Here’s what’s happening right now and how it could have a greater health impact in the future.

Primary care during COVID-19

Amidst the pandemic, primary care offices are being forced to close their doors for good. A mapping tool created by Health Landscape shows the nationwide family practice closures from the end of March to the end of June 2020. The tool shows 58,000+ (about 42%) have closed during this period, due likely to loss of revenue, reduction of staff and working hours, or reassignment of physicians to focus on COVID-related care. And with pay cuts, furloughs and supply shortages, the coronavirus is pushing already-struggling primary offices to the brink.

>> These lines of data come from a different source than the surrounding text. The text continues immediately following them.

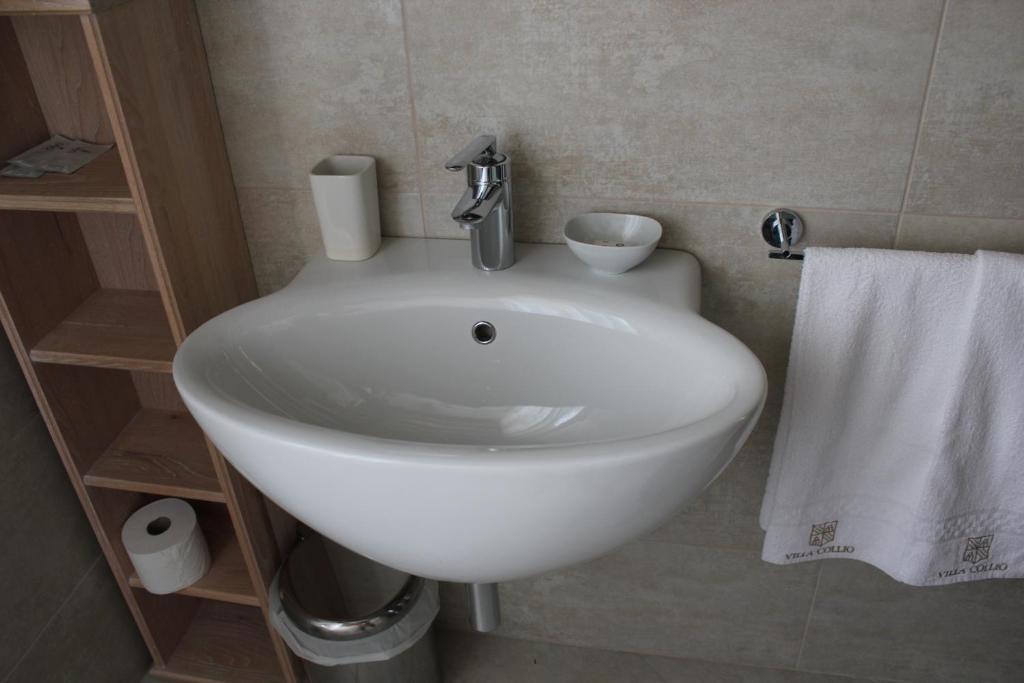 Dimora Di Collio Bed and Breakfast San Severino Marche Kamer foto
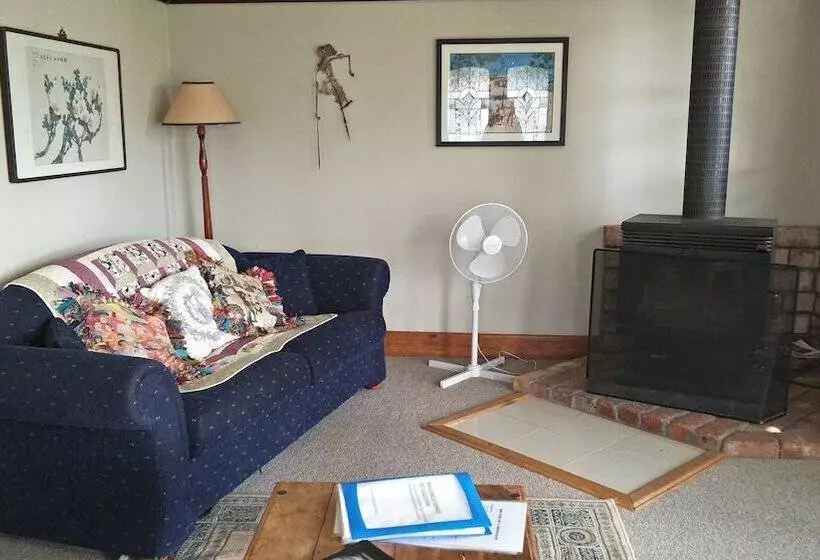 Kinross Metcalfe Farm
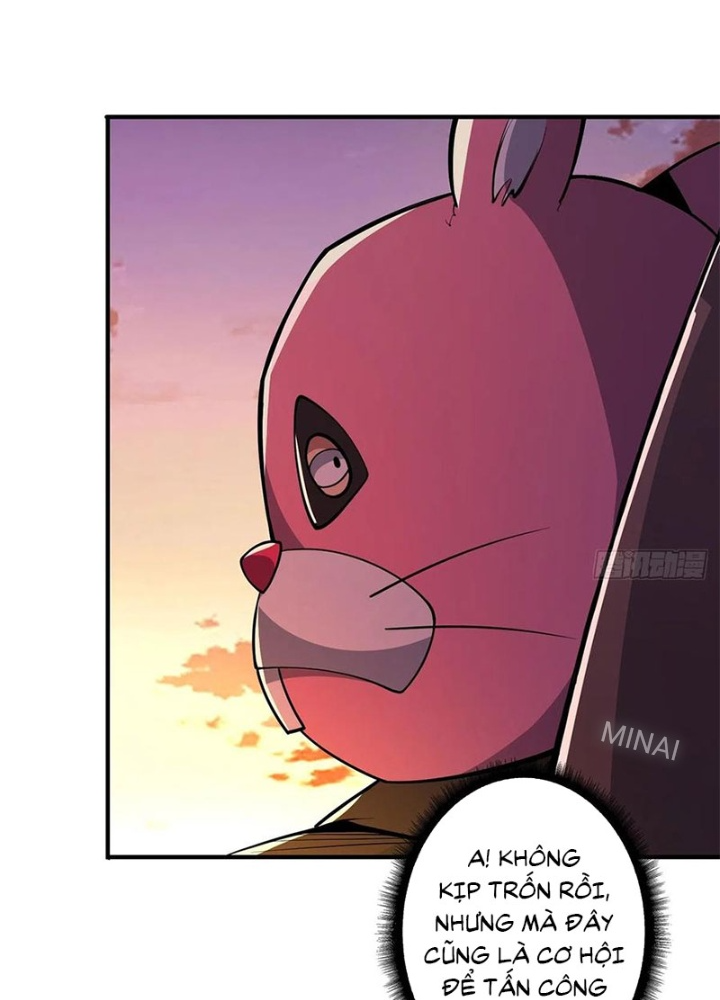 Nhân Vật Phản Diện? Chắc Chắn Không Phải Ta Chapter 48 - Trang 4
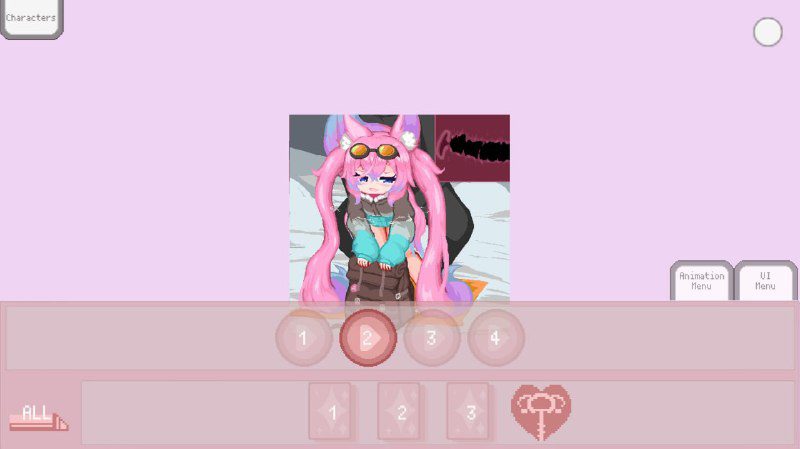 图片[3]-2321[SLG/像素动态/PC+安卓] 见宫美志 みるこみくしょん２正式版+特典★像素风-ACG俱乐部 - 各类游戏免费下载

An increased shortage of primary care doctors

The need for more primary care doctors was a hot topic before the pandemic, particularly in the 80% of rural America that was already medically underserved. Now, primary care practices that were already operating on tight budgets are dealing with sudden and rapid loss of revenue, which could lead to buy-outs, relocations or complete closures.

The impact on population health

The consistent decline in primary care does not bode well for the future of population health in America. Researchers at Harvard Medical School expressed their concern in a December, 2019 study, which found that fewer Americans have declared a primary care physician than ever before. The authors of the study stated that a lack of consistent primary care can have negative effects on both population health and the sustainability of our health care system.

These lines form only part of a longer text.